The State Board of Education voted on February 28 to approve all 10 Boston charter school proposals endorsed by Mitchell D. Chester, commissioner of the MA Department of Elementary and Secondary Education. Six statewide non-Boston applications were also approved; one in Lynn was rejected.
All Boston charters were easily approved, though one, a second Edward Brooke Charter School, gathered some opposition because of the high attrition rate of its parent Edward Brooke school. The current Edward Brooke has a student population that hovers between 60 and 70 students from Grades K to three until student attrition “ forced or otherwise “ sets in. The Brooke student population drops steadily each year from 70 to 18 in grades three through eight. In grade 6, there are 44 students; grade 7, 26 students; and in grade 8, only 18 students remain. Little wonder there is concern about their dropout rate. Too bad the concern wasn’t enough.

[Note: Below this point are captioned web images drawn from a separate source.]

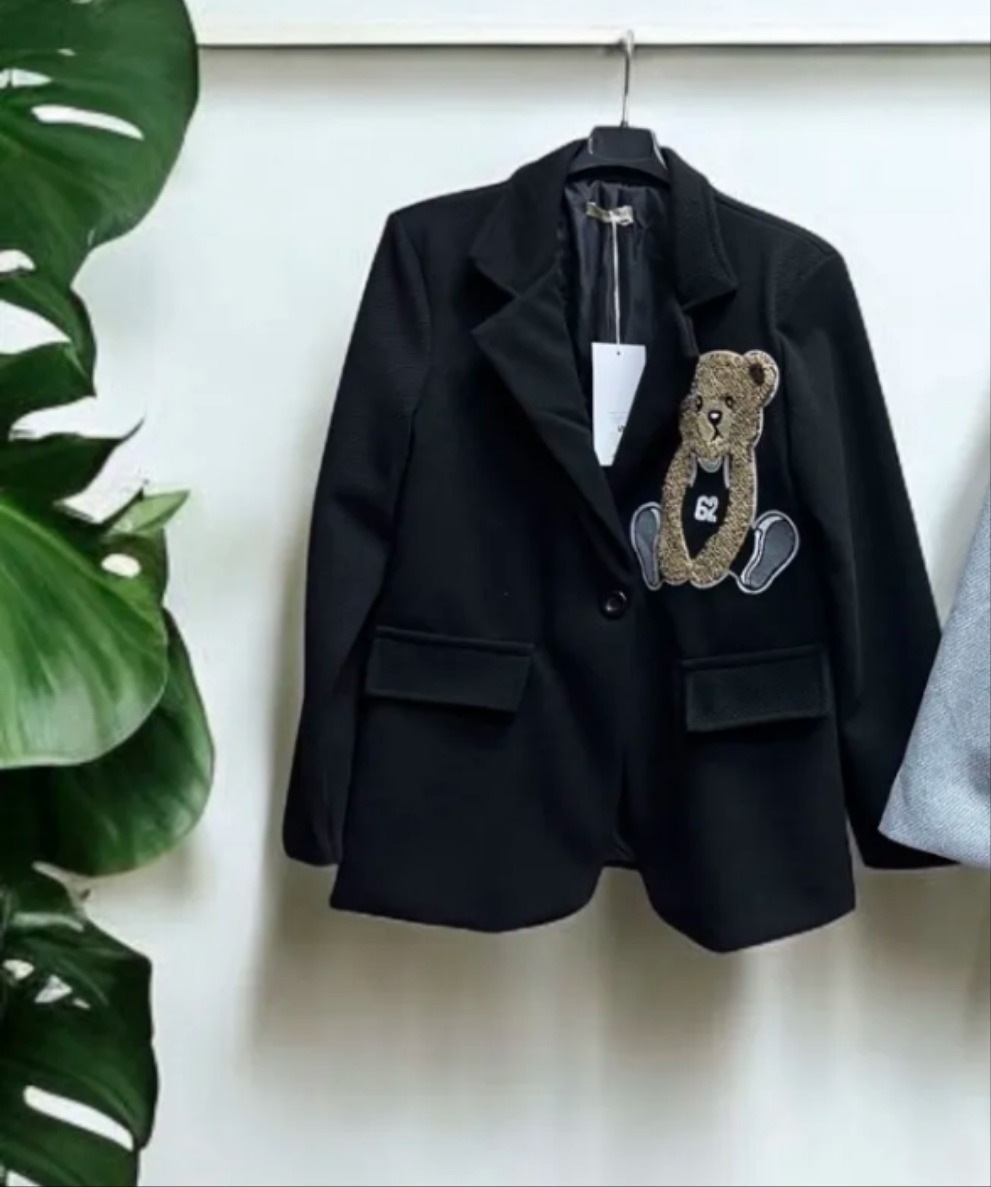 veste blazer avec écusson ourson matière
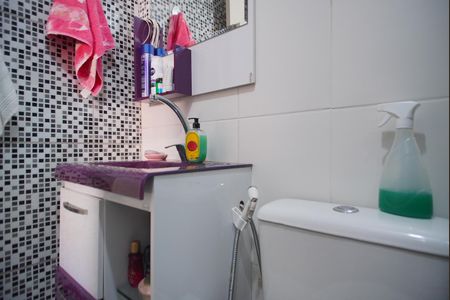 Banheiro da Suíte de apartamento à venda com 2 quartos, 69m² em São Sebastião, Porto Alegre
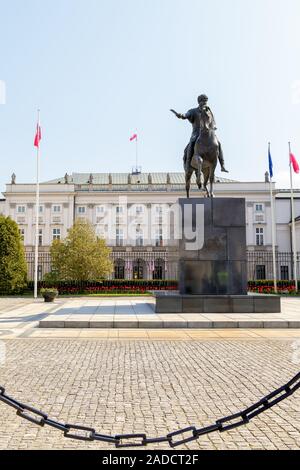 Warschau, Polen, 03.MAI 2016 - Blick auf die Fassade der Präsidentenpalast mit der Fürst Józef Antoni Poniatowski Statue vor Stockfoto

(By the way, the current Edward Brooke charter school serves a population virtually devoid of Limited English Proficient students, 0.2% to the city’s 30.3%, and with very few special ed students, 7.3% to the city’s 19.4%.)
Currently charter schools, even though they do not educate all students “ specifically those with special education needs and ELL needs “ drain in excess of $60 million per year from Boston Public Schools. The additional charter schools will drain an expected $40 million on top of the current $60 million. The new state Ed Reform law allows even more charter schools to be created in Boston. The total dollar loss for our schools will exceed an estimated $110 million per year by 2014. Superintendent Carol Johnson and Mayor Menino supported the Ed Reform legislation.